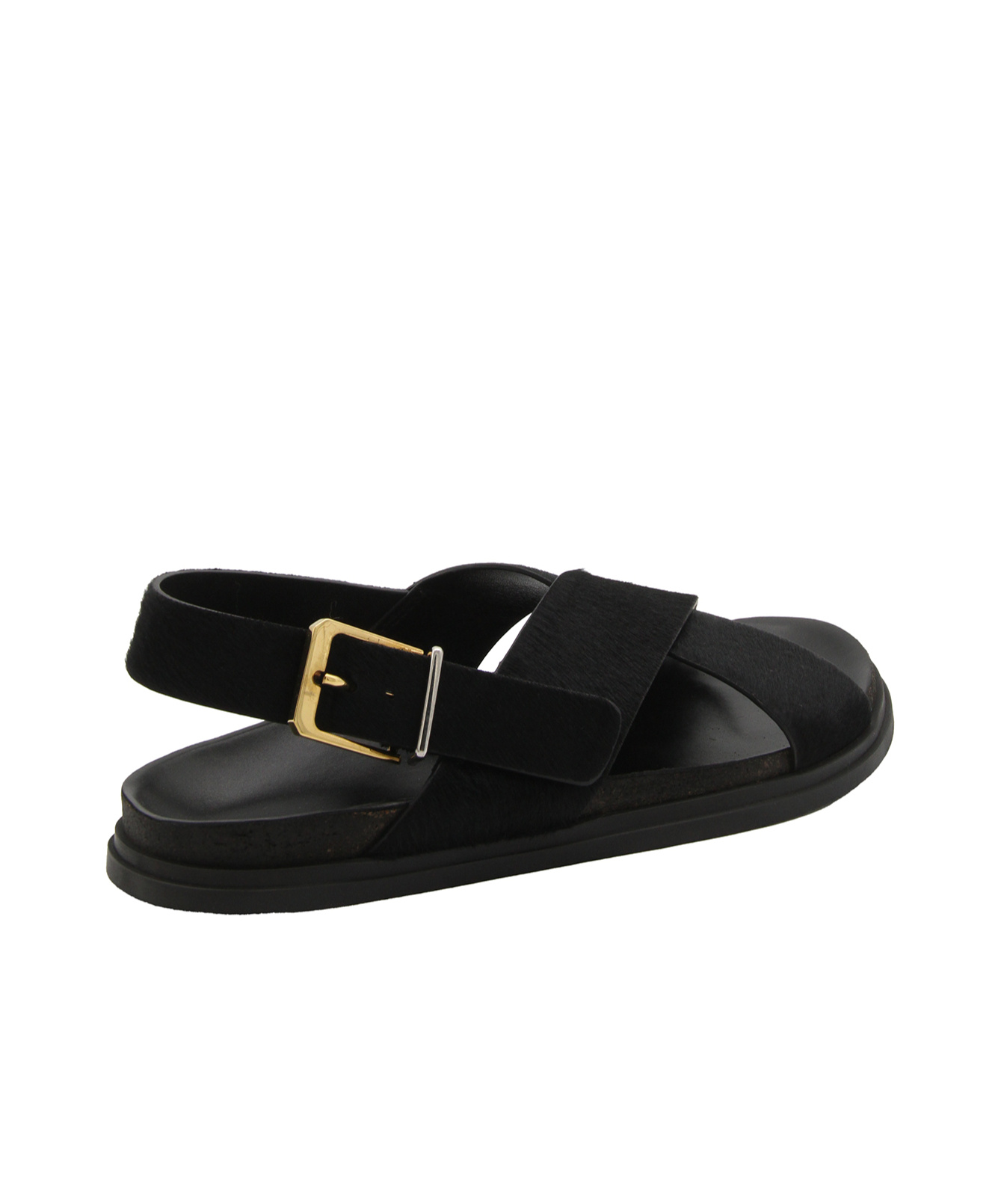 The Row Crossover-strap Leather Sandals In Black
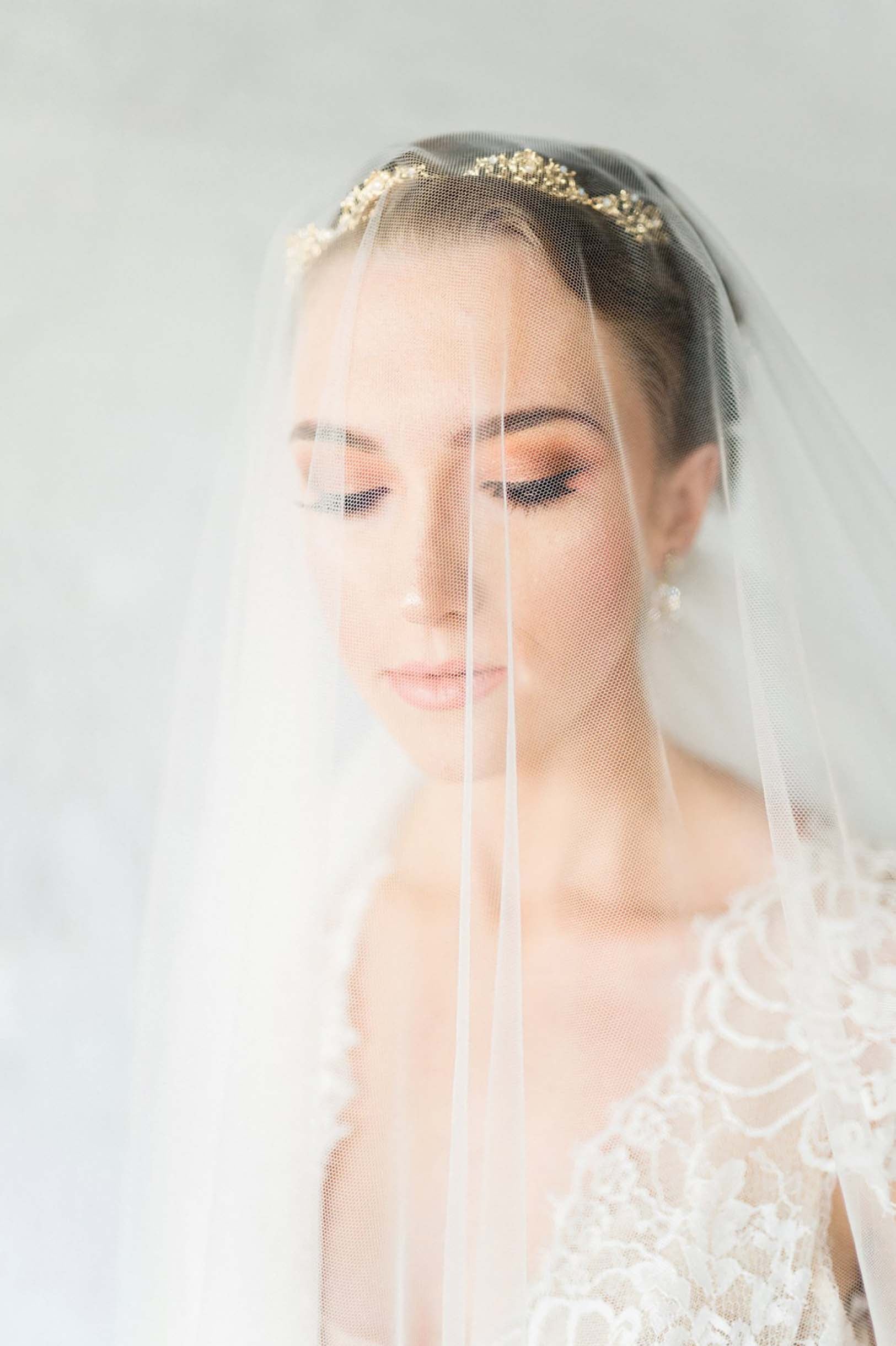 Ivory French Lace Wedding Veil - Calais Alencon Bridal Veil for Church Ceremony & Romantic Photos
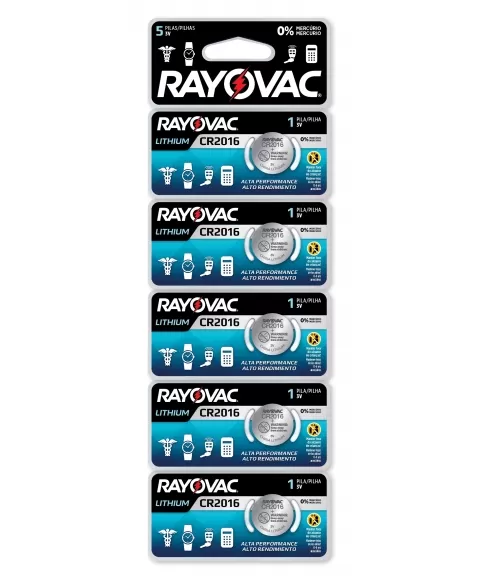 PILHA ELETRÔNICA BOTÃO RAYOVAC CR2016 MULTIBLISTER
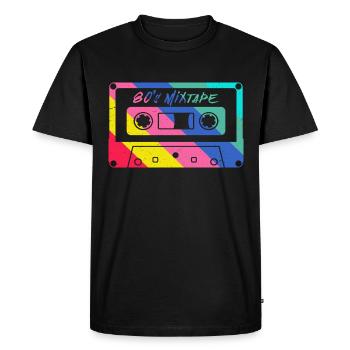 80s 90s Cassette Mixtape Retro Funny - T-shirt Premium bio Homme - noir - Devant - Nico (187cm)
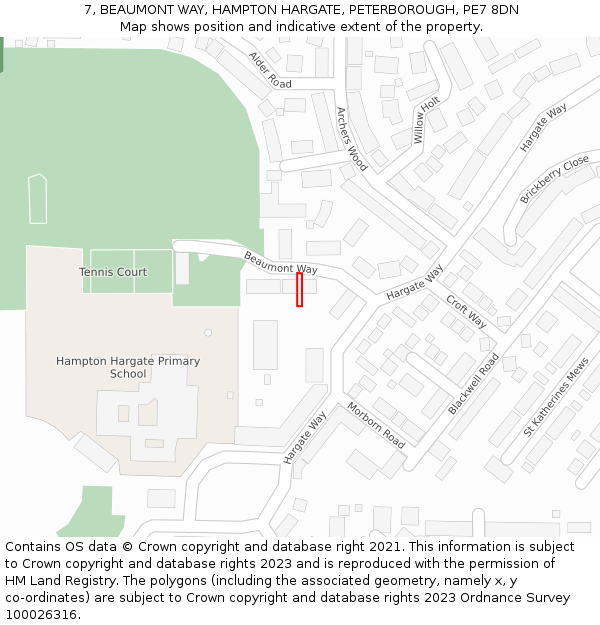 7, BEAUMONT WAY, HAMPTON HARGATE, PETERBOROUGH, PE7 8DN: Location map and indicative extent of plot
* * *
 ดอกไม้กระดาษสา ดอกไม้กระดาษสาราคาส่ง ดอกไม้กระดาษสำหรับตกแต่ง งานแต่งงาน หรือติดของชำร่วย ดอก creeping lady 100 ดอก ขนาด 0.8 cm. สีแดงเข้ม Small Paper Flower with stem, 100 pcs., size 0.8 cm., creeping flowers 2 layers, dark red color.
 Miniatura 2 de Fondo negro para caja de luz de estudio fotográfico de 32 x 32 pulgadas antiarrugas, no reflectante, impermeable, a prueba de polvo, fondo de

WORK INSTRUCTION:
Exact copy, no pictures. Write out the lines in the entries above, starting with the line with "PILHA ELETRÔNICA BOTÃO" and going on through the line with "7, BEAUMONT WAY, HAMPTON", keeping both.

WRITTEN ANSWER:
 PILHA ELETRÔNICA BOTÃO RAYOVAC CR2016 MULTIBLISTER
 80s 90s Cassette Mixtape Retro Funny - T-shirt Premium bio Homme - noir - Devant - Nico (187cm)
 7, BEAUMONT WAY, HAMPTON HARGATE, PETERBOROUGH, PE7 8DN: Location map and indicative extent of plot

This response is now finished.